Nell’ottobre del 1788, davanti alla Regia Corte Capitaniale di Palermo, iniziò il processo a Giovanna Bonanno per stregoneria, dove furono chiamati a testimoniare i coniugi superstiti di sei venefici (quelli scoperti e denunciati) ed anche il droghiere che vendeva sistematicamente l’aceto per i pidocchi alla Bonanno. La condanna riportata in primo grado fu confermata dal Tribunale della Gran Corte. Il 30 luglio 1789 l’avvelenatrice pendeva dalla forca.
E’ interessante notare una fase dell’interrogatorio del commissario inquirente alla vecchia Anna. “Ditemi, facevate quello che avete compiuto per pura malvagità o soltanto per denaro?”.
La vecchia lo guardò fisso e rispose: “Vostra Eccellenza si sbaglia… tuttu chiddu ch’haiu fattu, lu fici a fin di bene (tutto quello che ho fatto fu a fin di bene)”.
Risate nell’aula.
“Non c’è niente da ridere”, continuò Anna, “Vosta Eccellenza mi ascolti. Io non davo l’acqua a fin di male, ma per levare di mezzo liti e dissapori, impedire mali maggiori e dar pace alle famiglie. Così fu. Mi dica Eccellenza, cos’è la vita d’una persona di fronte alla tranquillità e alla felicità di tante altre?”
“Un po’ troppo… umanitaria è la vostra tesi”, le disse il capitano di giustizia.
“Tutti di carne siamo fatti e possiamo peccare”, proseguì Anna Bonanno, “finchè mondo sarà mondo capiterà che una donna maritata contrae un’amicizia. Bene! Essa vive in peccato mortale; e così pericoloso che il marito ammazzi lei e l’innamorato. Due morti. Il marito è arrestato e impiccato: e son tre. Beh! Sacrificando il marito si salvano la moglie e l’amante, i quali si sposano e si liberano dal peccato; i figli restano con la madre e la pace ritorna in casa. Io ho fatto del bene”.

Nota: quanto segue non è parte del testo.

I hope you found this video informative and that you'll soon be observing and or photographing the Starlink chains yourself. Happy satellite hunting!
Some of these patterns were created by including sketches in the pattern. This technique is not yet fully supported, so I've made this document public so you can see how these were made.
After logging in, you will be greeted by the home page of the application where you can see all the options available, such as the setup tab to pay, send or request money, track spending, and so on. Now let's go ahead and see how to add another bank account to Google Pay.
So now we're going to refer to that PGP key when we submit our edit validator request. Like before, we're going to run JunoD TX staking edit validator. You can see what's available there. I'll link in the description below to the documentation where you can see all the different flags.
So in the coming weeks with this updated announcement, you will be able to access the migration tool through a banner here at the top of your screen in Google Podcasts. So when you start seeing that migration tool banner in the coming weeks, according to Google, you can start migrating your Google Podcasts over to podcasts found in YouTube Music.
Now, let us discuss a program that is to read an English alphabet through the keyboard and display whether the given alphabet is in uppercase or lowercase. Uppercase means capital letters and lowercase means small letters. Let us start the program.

“Ma brava! Meritereste una medaglia, invece della forca, non è vero zia Anna?”, le rispose il capitano di Giustizia.
Le deposizioni precise e dettagliate permisero alla corte di emettere la condanna a morte mediante impiccagione.

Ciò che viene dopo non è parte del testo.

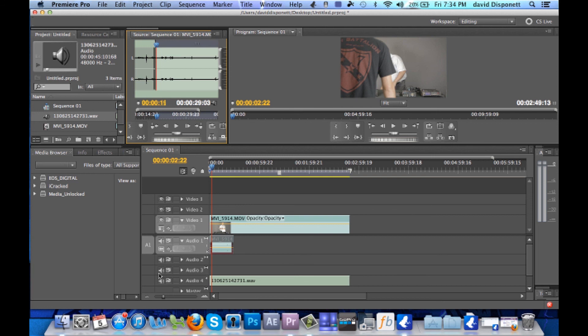It's very, very simple to do and it allows you to capture much better audio when you're shooting your films or doing interviews.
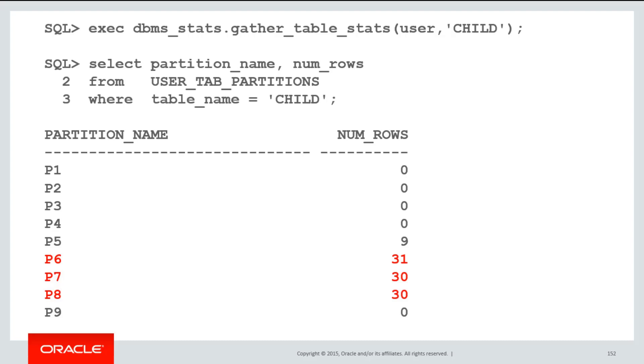Whilst very useful, be aware that once you do reference partitioning in this way, you really have bonded those two tables together very tightly. If you want to truncate a parent partition, the child partition will be truncated as well. There are some other restrictions on reference partitions. Check the docs for full details.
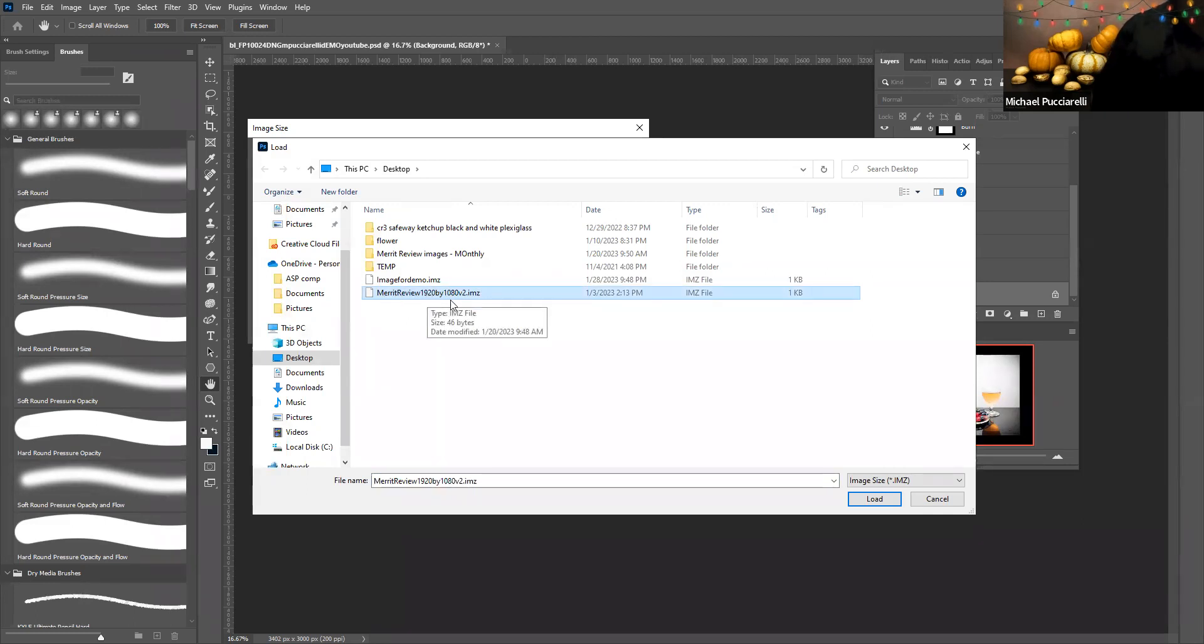So this is a powerful feature. You could set the width, you could set the height, and you could set the resolution, or you could just load presets you saved.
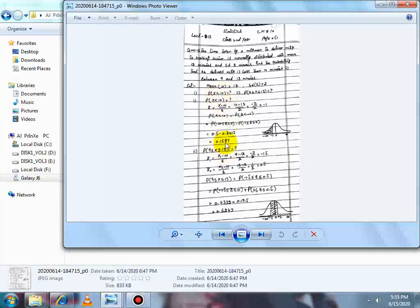0.5 میں سے 0.3413 minus کریں گے تو answer آ جائے گا 0.1587۔ تو P(X < 10) = 0.1587۔ اب second part ہے: P(9 ≤ X ≤ 13) معلوم کرنی ہے۔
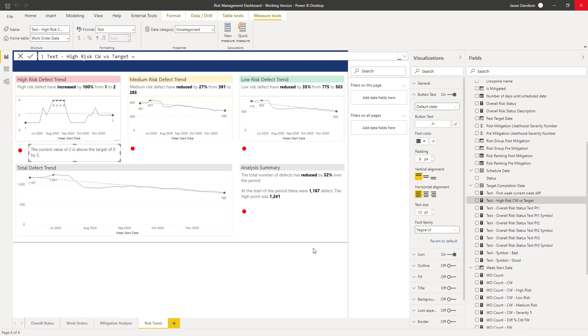Hi and welcome back to the next lesson. In this lesson we're going to continue creating some dynamic text, and we're going to create the dynamic text that offers a comparison between the current value and the target value and how far off the target we actually are.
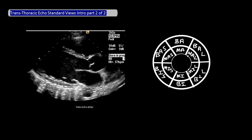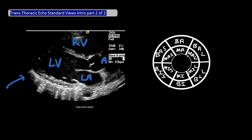Here's an example of what this view looks like in embryo echo. Since this is from the parasternal view, the heart chamber at the top will always be the right ventricle. The left ventricle is here, the left atrium is here, and the aorta is here. Other important structures in this view include the mitral valve and the aortic valve.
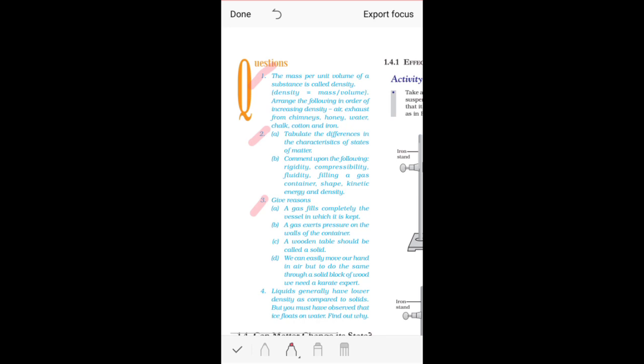Part C: A wooden table should be called a solid — you need to give the reason. What you can do is use the properties of solids and compare those properties with the properties of a wooden table. If you can show that the wooden table has the properties of solids, then you can say that is why we are calling it a solid — because it has the x, y, z properties of solids. You need to relate which properties of solids you can match with the wooden table's properties to justify your answer.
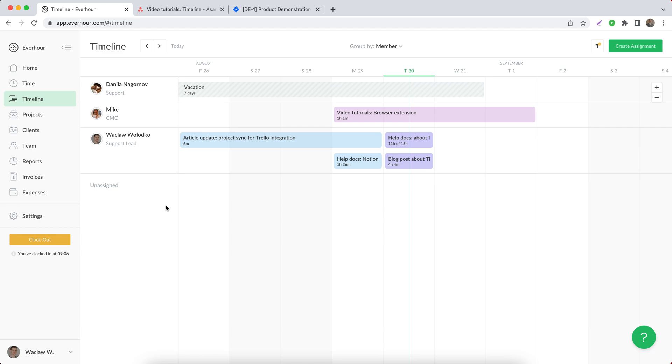Hello! In this video let's get acquainted with the timeline page.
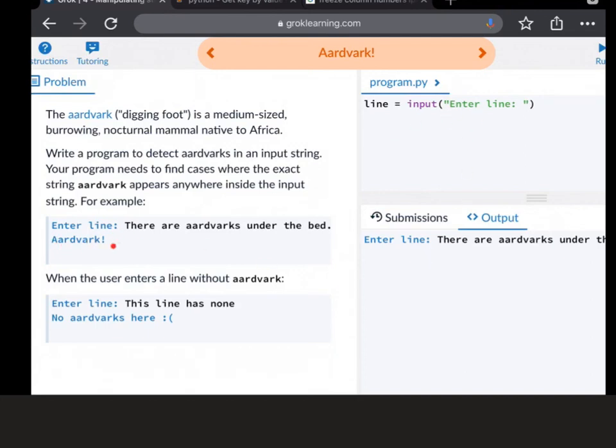So that's the type of thing you're going to be doing to get the first line. Then you need to just check whether aardvark is in the line of text that you've been given. And as I say, the previous circle page gives you a good idea of how to do that.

Grande scalpore suscitò la sentenza e alla esecuzione capitale assistè tutta la città.
Il giorno 27 luglio 1789, un’anziana donna su una carretta procedeva a passo lento a causa dell’età avanzata dei tre cavalli, era circondata da due ali di folla urlanti, per le strade assolate di Palermo.
La stavano conducendo di fronte alla Compagnia dei Bianchi, una cerchia ristretta di aristocratici siciliani aventi la competenza, per 72 ore, di allestire e curare i condannati a morte.
Il tutto si svolgeva in quel di Piazza Vigliena dove, al centro esatto di detta, un boia attendeva l’anziana Giovanna Bonanno, detta anche la vecchia dell’aceto.
Dopo aver salito lentamente i gradini che la conducevano al patibolo; la Bonanno salì sullo sgabello, fra atroci dolori procuratigli dalla tortura, e introdusse la testa nel capestro, mentre il suo carnefice si stava preparando a dare la fatidica pedata al panchetto.
Un sordo rumore di corda, che si strinse e spezzò il collo, raggelò il pubblico: tutto si concluse, con il corpo di Anna che penzolava dalla forca.
La vecchia fu giustiziata di fronte ad una folla immensa, come racconta il Villabianca nel suo diario.
Dopo di lei toccò alla sua commare Pitarra che fece di tutto per divincolarsi dalla presa del boia. Dopo un attimo anch’ella non era più di quella terra.
Oggi, un busto in creta di Anna Bonanno è conservato presso il museo civico di Palermo. Il ricordo di questa megera delittuosa è rimasto ancora nel popolo palermitano che, quando vuole dare un giudizio sintetico su una persona cattiva e brutta, esclama:
E’ cchiù laria di la vecchia di l’acitu! (E’ più brutta della vecchia dell’aceto!).